Identifying Ordered OH/F Anions in Hydroxyfluorides by a Terahertz Spectroscopic Approach

Distinguishing the OH–/F– ligands has been one of the vital challenges in X-ray crystallography. Fluorine and oxygen atoms have similar scattering cross sections of X-rays, and the hydrogen atoms are invisible to X-rays, rendering the two functional groups F– and OH– indistinguishable from each other with the X-ray diffraction (XRD) method. We demonstrated that terahertz (THz) spectroscopy is promising for solving this problem. THz spectroscopy probes the optical phonon modes given rise by intermolecular interactions.
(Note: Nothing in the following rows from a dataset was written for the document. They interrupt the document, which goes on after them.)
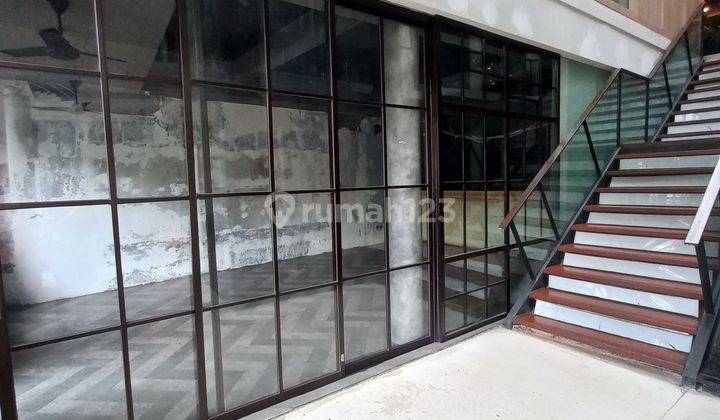 Disewakan Ruang Usaha Area Senopati Jakarta Selatan Ground Floor 2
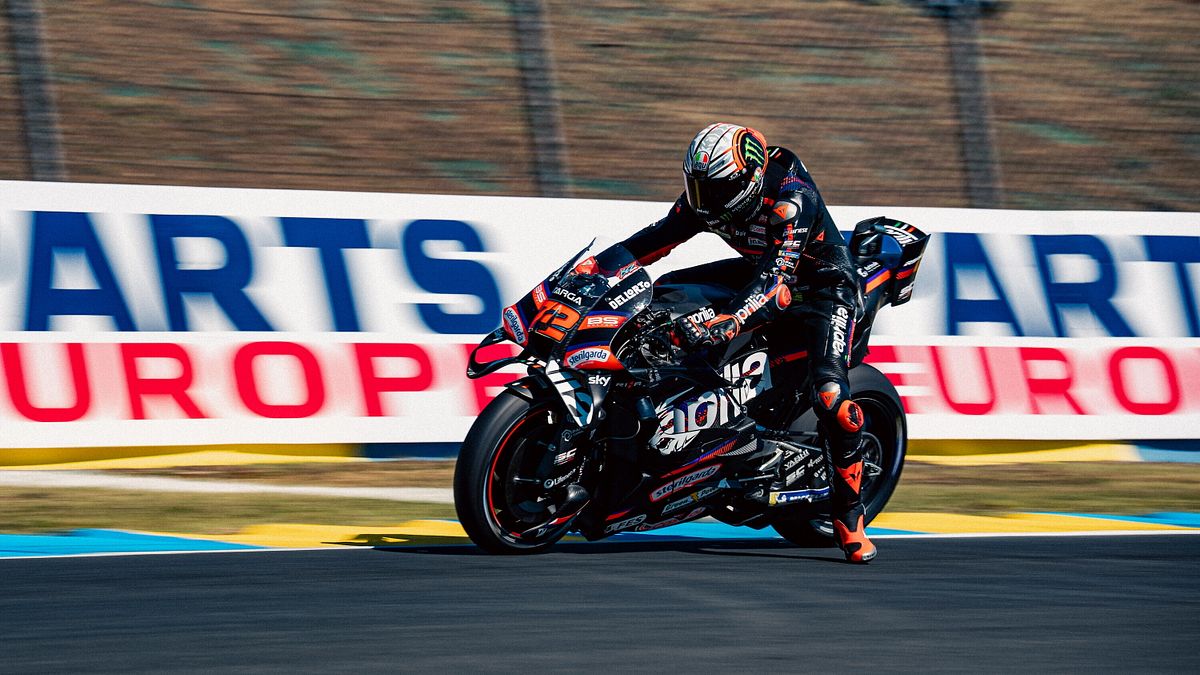  © Aprilia Racing Press Office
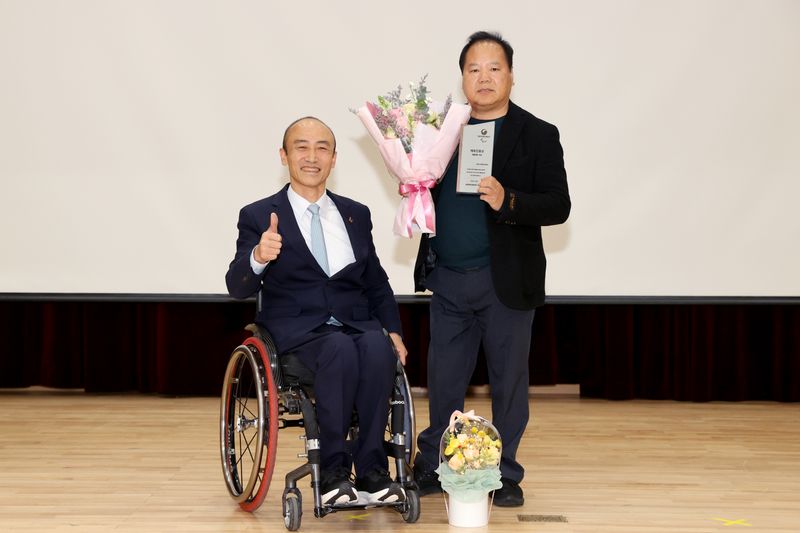 사진 = 좌)대한장애인체육회 정진완 회장 우)광산구장애인체육회 문병남 사무국장
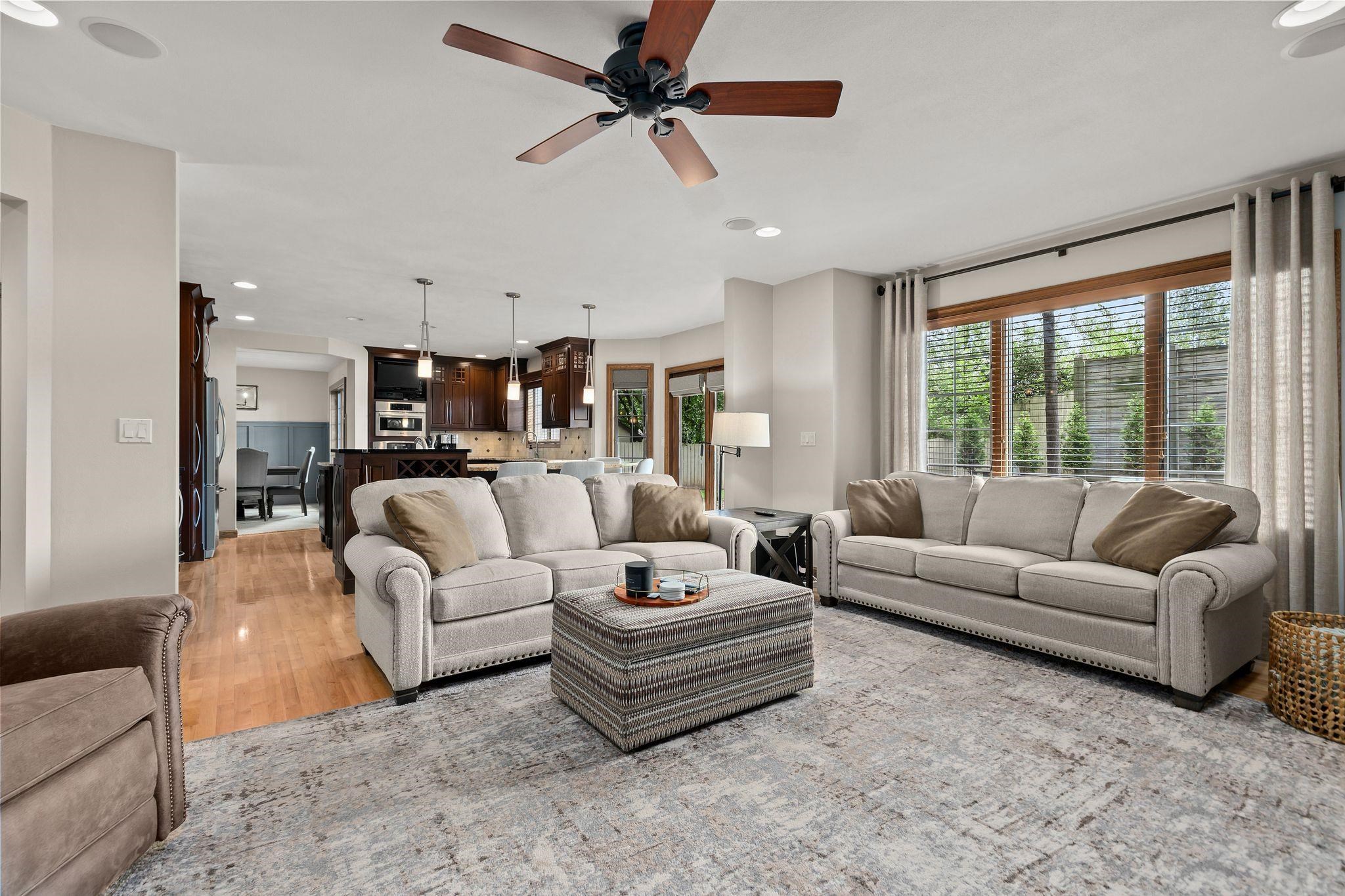 2801 Schaefer Circle Appleton, WI 54915 - Photo 5 of 69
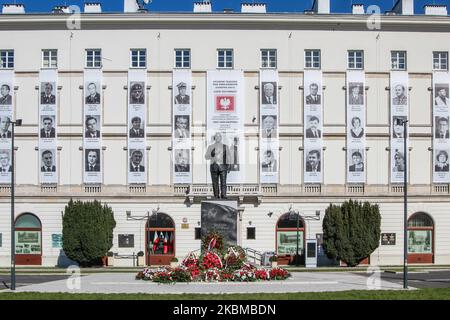 Le président sortant Lech Kaczynski, décédé dans un accident d'avion présidentiel en Russie statue devant des portraits d'autres victimes de l'accident exposé sur le mur est vu à Varsovie, Pologne, le 11 avril 2020 (photo de Michal Fludra/NurPhoto) Banque D'Images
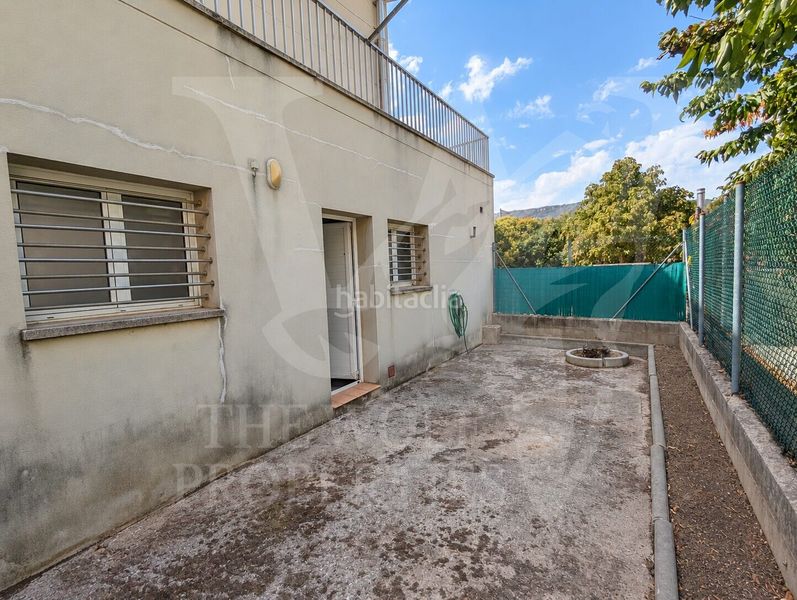 Foto 08b13384-f09b-4a14-b1c9-d61e3423e629. Casa aparellada amb calefacció aparcament a Balenyà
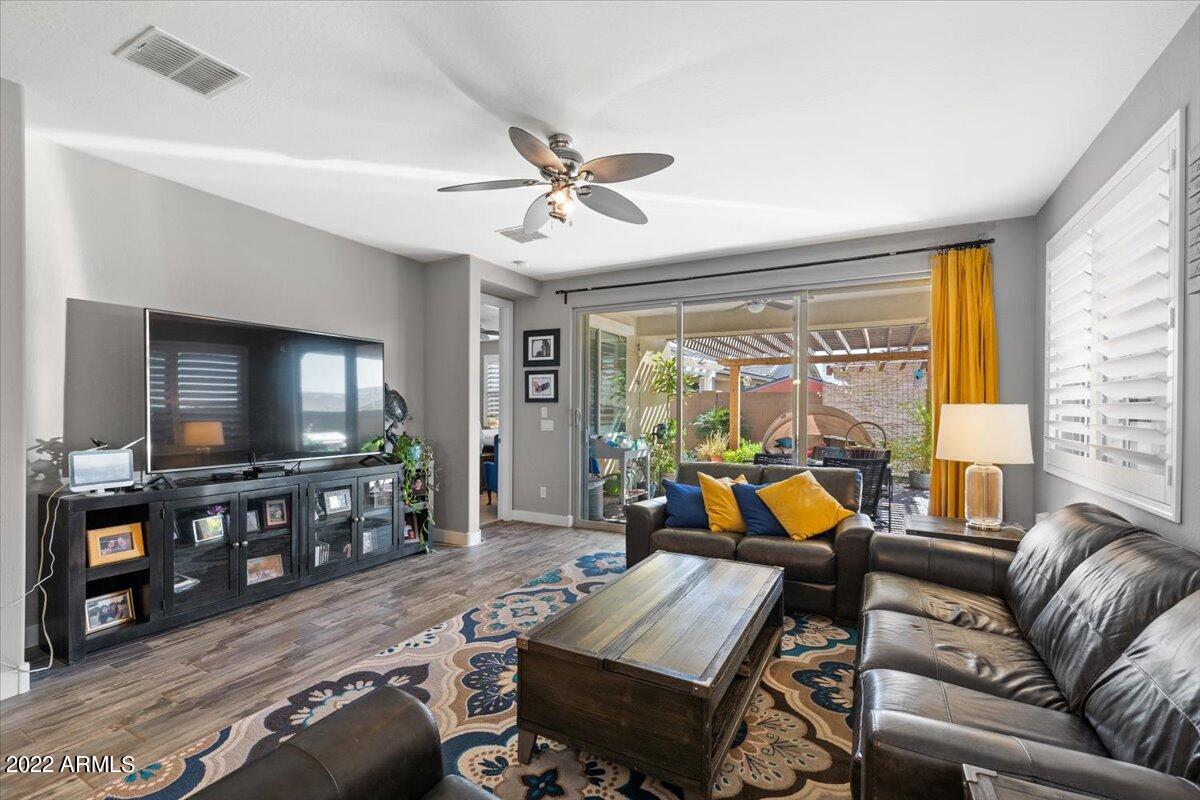 10605 E DURANT Drive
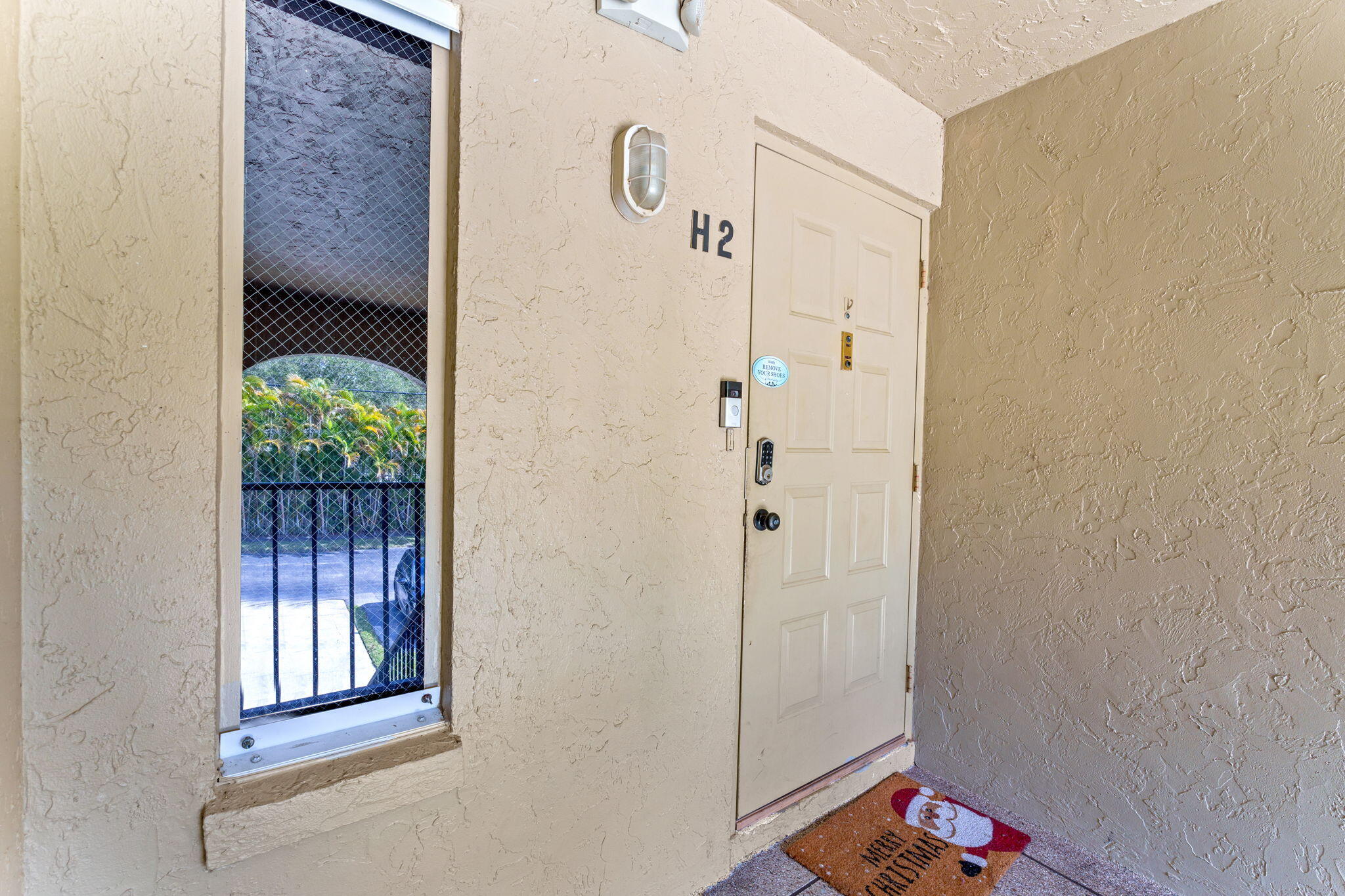 723 Sunny Pine Way H2 Property Photo 2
Different F–/OH– substitutions usually lead to remarkable changes in the intermolecular interactions, which can be reflected in THz spectroscopy. Guanidinium fluorooxoborates represent new-generation nonlinear optical materials used in the short-wavelength ultraviolet region. For such materials, a dispute remains regarding the OH–/F– substitution in the B3O3(F, OH)4 anion units, which suggests 16 possible configurations of the anion units. Employing solid-state density functional theory, we showed that all 16 configurations display fingerprint THz peaks. Against the experimental criterion of high-resolution THz spectroscopy, we proved that only one configuration exists, implying that the anion structure is well-ordered. THz spectroscopy provides an essential complementary tool to the XRD method for retrieving detailed structural information. Furthermore, the terahertz vibrational information reveals that the cationic unit of guanidinium is a rigid building block unit with little external and internal vibration mixing, whereas the anionic unit is not rigid and produces vigorous mixing. This finding leads to a deeper understanding of the role of the constituent units in producing the excellent optical properties of the guanidinium fluorooxoborate compounds.